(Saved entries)
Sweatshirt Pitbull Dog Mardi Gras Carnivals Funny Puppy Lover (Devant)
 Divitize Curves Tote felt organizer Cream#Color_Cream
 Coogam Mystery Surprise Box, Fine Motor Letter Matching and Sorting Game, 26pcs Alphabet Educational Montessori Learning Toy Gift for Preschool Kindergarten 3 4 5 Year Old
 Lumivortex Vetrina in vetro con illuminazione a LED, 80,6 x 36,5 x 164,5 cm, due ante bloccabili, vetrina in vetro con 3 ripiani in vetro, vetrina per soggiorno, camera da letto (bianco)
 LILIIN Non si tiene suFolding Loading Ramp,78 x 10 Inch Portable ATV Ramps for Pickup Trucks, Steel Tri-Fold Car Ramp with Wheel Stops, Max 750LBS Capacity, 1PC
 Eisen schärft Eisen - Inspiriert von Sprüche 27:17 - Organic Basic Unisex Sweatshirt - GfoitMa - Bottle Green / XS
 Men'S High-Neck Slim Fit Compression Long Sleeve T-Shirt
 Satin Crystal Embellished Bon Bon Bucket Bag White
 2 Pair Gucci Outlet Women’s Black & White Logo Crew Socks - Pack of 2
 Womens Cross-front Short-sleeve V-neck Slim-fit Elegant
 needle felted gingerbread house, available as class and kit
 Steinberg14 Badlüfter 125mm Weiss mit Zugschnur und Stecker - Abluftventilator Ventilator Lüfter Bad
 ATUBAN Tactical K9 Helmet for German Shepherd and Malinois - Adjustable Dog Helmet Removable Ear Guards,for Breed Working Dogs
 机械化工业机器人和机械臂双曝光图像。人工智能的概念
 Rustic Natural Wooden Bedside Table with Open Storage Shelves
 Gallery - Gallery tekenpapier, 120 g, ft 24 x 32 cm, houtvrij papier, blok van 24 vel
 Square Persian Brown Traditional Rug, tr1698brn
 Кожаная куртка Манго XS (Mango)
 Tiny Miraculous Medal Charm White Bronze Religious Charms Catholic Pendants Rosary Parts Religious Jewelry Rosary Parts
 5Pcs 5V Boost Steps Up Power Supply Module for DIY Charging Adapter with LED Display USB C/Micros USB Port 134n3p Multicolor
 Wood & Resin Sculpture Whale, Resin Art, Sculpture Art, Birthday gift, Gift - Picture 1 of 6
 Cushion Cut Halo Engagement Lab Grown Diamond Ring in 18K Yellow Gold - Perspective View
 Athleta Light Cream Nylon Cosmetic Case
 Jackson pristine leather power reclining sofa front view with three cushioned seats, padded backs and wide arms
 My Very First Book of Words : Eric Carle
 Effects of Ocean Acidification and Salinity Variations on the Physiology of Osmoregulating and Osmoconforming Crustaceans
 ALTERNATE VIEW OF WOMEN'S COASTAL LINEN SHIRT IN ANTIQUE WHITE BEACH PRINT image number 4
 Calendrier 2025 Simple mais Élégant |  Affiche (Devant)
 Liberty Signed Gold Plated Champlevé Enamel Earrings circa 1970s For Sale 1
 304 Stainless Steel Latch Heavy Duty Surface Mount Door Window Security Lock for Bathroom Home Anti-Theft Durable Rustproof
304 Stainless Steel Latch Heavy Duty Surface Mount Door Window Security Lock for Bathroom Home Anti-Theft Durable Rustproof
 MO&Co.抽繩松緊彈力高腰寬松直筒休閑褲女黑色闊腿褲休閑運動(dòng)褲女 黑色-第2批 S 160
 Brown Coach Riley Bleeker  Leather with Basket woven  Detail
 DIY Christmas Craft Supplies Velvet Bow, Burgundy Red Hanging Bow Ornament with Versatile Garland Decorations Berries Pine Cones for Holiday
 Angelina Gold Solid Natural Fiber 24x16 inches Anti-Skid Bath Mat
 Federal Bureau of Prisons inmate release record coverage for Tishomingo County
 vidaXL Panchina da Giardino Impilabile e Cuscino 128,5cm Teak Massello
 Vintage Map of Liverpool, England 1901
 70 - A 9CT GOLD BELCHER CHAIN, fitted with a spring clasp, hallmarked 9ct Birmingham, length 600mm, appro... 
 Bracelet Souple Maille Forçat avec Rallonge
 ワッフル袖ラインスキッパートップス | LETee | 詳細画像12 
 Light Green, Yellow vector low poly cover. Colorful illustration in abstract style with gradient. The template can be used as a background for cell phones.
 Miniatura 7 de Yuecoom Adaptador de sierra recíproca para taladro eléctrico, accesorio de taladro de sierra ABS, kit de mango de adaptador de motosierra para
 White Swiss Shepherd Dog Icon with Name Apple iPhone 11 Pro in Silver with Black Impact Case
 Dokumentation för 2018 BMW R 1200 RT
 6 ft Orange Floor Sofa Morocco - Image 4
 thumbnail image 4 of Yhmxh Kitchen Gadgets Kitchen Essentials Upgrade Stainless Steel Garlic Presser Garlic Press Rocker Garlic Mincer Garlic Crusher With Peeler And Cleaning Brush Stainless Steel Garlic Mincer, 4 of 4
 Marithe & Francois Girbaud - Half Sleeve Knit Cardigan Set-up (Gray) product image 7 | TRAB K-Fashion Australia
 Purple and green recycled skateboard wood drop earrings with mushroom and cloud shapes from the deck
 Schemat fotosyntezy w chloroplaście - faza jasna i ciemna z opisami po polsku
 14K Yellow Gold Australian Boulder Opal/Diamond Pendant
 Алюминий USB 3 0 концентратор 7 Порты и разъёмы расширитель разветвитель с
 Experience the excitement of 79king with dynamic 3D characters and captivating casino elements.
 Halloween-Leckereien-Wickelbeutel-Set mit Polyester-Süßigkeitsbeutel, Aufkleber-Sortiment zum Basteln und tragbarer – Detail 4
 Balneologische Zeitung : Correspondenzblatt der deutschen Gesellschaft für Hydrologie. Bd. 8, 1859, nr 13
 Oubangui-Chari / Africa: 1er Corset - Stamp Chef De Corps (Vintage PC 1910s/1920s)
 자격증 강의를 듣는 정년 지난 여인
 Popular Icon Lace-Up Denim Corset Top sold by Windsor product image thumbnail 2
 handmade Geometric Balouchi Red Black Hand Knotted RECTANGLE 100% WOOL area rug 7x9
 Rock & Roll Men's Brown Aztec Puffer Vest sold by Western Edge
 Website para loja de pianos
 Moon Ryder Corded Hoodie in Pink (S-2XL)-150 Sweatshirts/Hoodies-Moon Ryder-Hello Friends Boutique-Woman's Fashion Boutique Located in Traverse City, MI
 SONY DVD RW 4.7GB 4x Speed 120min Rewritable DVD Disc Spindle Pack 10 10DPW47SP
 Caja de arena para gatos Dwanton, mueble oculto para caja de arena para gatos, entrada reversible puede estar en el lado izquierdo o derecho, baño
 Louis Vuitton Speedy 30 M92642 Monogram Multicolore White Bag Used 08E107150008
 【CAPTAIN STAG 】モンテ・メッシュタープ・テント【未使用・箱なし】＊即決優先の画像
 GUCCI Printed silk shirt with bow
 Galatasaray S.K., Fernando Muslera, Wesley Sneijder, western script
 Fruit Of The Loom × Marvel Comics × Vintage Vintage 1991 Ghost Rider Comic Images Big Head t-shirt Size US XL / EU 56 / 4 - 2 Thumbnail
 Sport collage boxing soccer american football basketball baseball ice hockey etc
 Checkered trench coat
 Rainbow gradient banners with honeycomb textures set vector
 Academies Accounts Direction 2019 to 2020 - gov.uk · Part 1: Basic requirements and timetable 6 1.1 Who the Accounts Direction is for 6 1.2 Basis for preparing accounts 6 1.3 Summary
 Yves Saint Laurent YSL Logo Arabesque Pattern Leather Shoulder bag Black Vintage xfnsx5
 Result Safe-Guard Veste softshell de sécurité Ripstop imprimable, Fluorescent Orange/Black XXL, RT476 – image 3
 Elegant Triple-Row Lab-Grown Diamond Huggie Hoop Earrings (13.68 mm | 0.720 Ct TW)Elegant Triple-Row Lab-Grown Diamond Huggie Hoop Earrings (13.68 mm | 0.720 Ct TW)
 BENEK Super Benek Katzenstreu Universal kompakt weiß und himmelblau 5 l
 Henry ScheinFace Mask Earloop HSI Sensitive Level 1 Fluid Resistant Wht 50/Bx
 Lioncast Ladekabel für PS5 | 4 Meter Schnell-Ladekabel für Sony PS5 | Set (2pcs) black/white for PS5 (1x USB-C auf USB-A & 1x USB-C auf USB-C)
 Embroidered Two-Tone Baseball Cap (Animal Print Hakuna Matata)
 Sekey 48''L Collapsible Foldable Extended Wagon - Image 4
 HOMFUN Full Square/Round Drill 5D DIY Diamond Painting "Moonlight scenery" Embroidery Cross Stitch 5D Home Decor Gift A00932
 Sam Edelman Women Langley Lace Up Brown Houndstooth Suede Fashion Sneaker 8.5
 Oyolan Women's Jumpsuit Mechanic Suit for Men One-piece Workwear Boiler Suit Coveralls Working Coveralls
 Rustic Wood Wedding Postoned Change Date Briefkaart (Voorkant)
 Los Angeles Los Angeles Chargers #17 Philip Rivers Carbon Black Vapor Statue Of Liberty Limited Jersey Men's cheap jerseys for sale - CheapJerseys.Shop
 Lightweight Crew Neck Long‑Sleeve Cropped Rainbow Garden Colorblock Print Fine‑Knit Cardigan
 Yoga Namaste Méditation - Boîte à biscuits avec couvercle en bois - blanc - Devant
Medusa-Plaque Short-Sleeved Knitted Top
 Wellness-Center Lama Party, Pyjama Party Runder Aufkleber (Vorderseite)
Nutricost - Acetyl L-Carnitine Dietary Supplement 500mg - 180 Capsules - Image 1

What needs to be done = The expected output is the exact run of lines from the start of the entries through the line with "Lumivortex Vetrina in", inclusive.

Result =
Sweatshirt Pitbull Dog Mardi Gras Carnivals Funny Puppy Lover (Devant)
 Divitize Curves Tote felt organizer Cream#Color_Cream
 Coogam Mystery Surprise Box, Fine Motor Letter Matching and Sorting Game, 26pcs Alphabet Educational Montessori Learning Toy Gift for Preschool Kindergarten 3 4 5 Year Old
 Lumivortex Vetrina in vetro con illuminazione a LED, 80,6 x 36,5 x 164,5 cm, due ante bloccabili, vetrina in vetro con 3 ripiani in vetro, vetrina per soggiorno, camera da letto (bianco)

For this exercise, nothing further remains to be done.